Asked for an update on the levy plans, the MoJ responded: ‘The justice secretary has been clear that those who benefit financially from our legal culture must do much more to help protect access to justice for all. We have begun constructive discussions with the sector about how we can best achieve this aim and look forward to continuing that dialogue.’
How do you work to fill the so-called ‘justice gap’? Should pro bono be compulsory?
‘No,’ insists Napier. ‘It is integral to the willingness of lawyers to commit their time for free that they should do so with the enthusiasm that comes with volunteering rather than being conscripted.’
Goldsmith agrees: ‘It should be more about encouragement rather than compulsion.’
He is against mandatory hours, a trend that has begun to cross the Atlantic, but suggests incentives for firms to get on board.
‘People seeking to apply for the rank of QC should have to demonstrate a commitment to pro bono work and law firms bidding for government contracts should have to provide details of what pro bono work they do as part of the tender process,’ he says.
His firm treats pro bono hours as counting for billable work targets, which he says is a ‘really important way of demonstrating commitment’.
Napier adds: ‘It is also essential that the leadership and management of law firms give support and encouragement to their members to engage in pro bono activity as a core part of the firm’s social responsibility within the community.’
In addition, Barnes points to a strong business case for pro bono, by enhancing a firm’s reputation and providing opportunities for staff development.
Campbell says the key to successful pro bono projects, whatever they are, is collaboration and partnership. In the past, laments Napier, there was a ‘distinct lack of co-ordination’ between pro bono providers. That, though, has changed, he reports, through the Attorney-General’s domestic and international pro bono committees and the establishment in 2010 of the National Pro Bono Centre in Chancery Lane, which is a hub of pro bono activity, housing small, large and embryonic pro bono organisations.

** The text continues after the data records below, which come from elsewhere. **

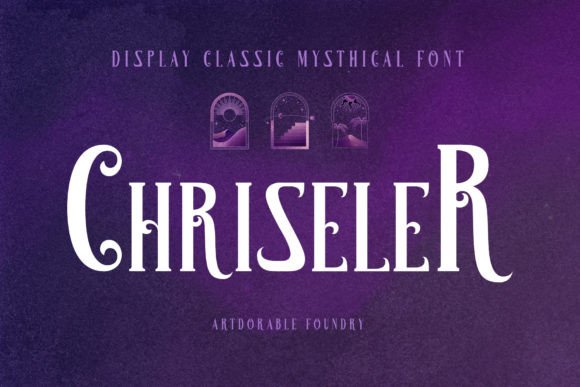 Chiseler: A Display Font with Serious Style and Personality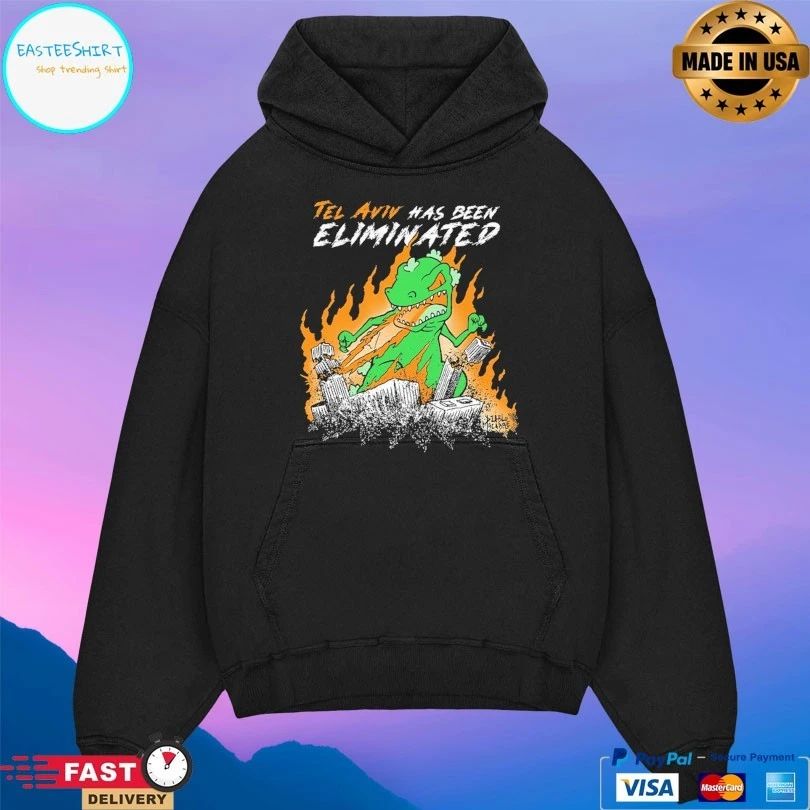 Reptar Tel Aviv Has Been Eliminated T-shirts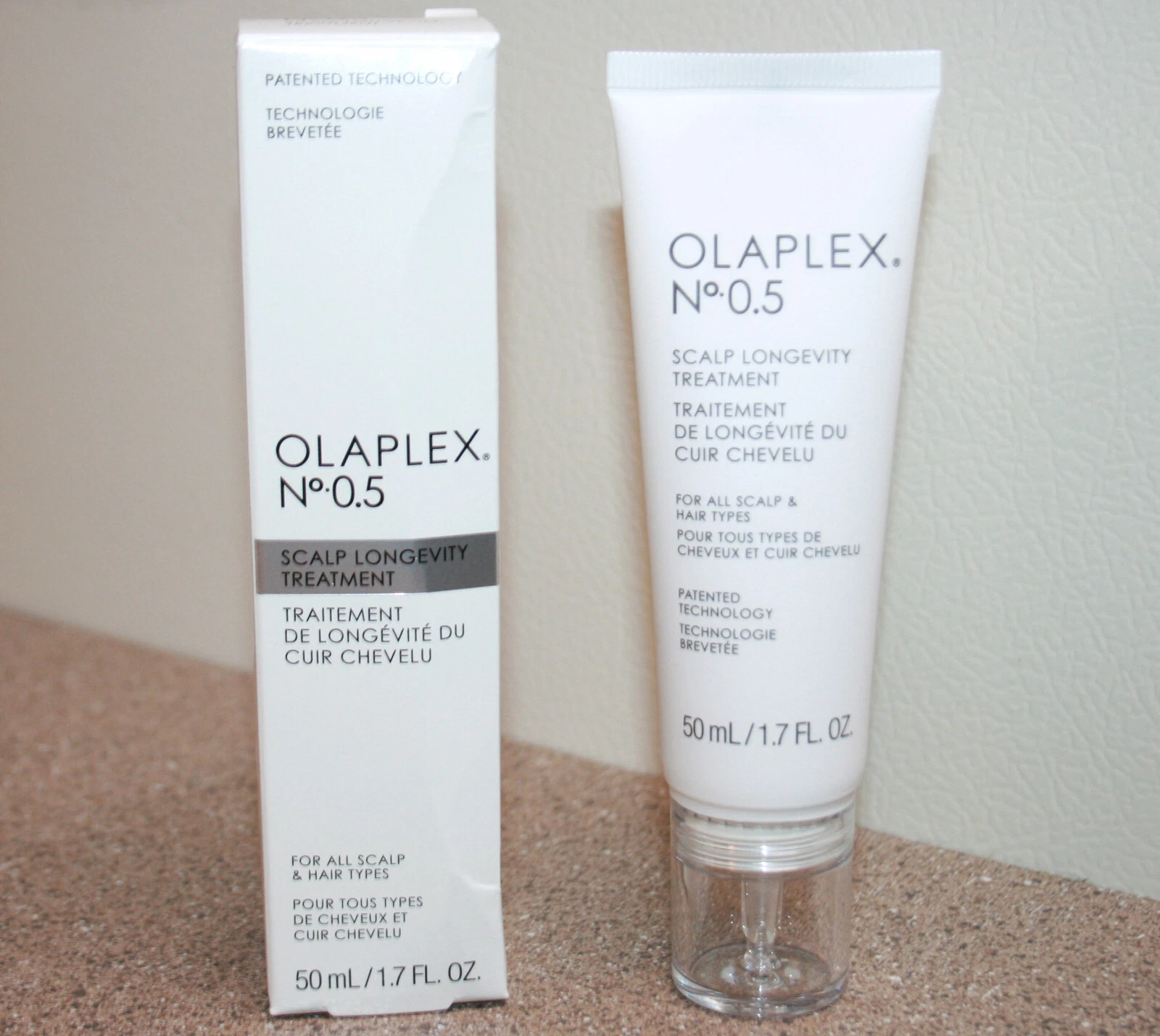 Olaplex No. 0.5 Scalp Longevity Treatment 1.7 oz / 50mL Full Size scalp serum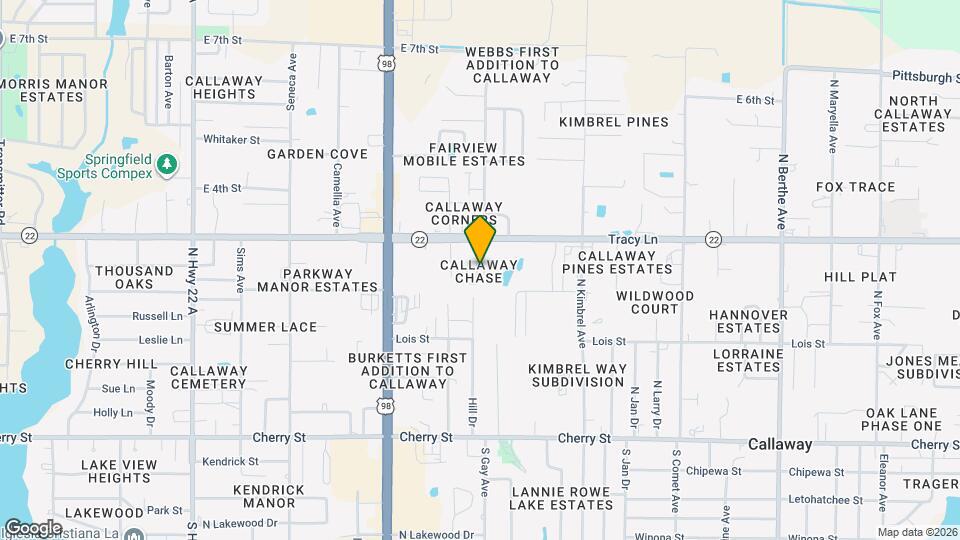 229 Callaway Chase Ln Map and Location Details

The centre is also now the new site of LAG’s offices.
One issue that still needs addressing, says Goldsmith, is the ‘mismatch between demand and supply’, with a particular challenge to extend provision outside London.
Northumbria Law School has helped develop the LawWorks North East Pro Bono Hub, a first step in regional development that also provides a model for others to follow. Among its current projects to extend pro bono among lawyers, LawWorks is looking at ways to support those outside London.
‘There is also a skill-set mismatch,’ notes Goldsmith. ‘Only around five per cent of lawyers undertake social welfare law, but there is a huge demand in this area. There needs to be a way of matching the supply with the need better.’
Again, LawWorks is coming to the rescue. It is piloting a project to support lawyers – through training, advice and supervision – to provide pro bono advice in new areas of work, such as social welfare law, for what is called ‘secondary specialisation’, says Barnes.
The key message, he concludes, is: ‘All lawyers have valuable and transferrable skills, and individuals and organisations new to pro bono may underestimate the difference and contribution they can make.’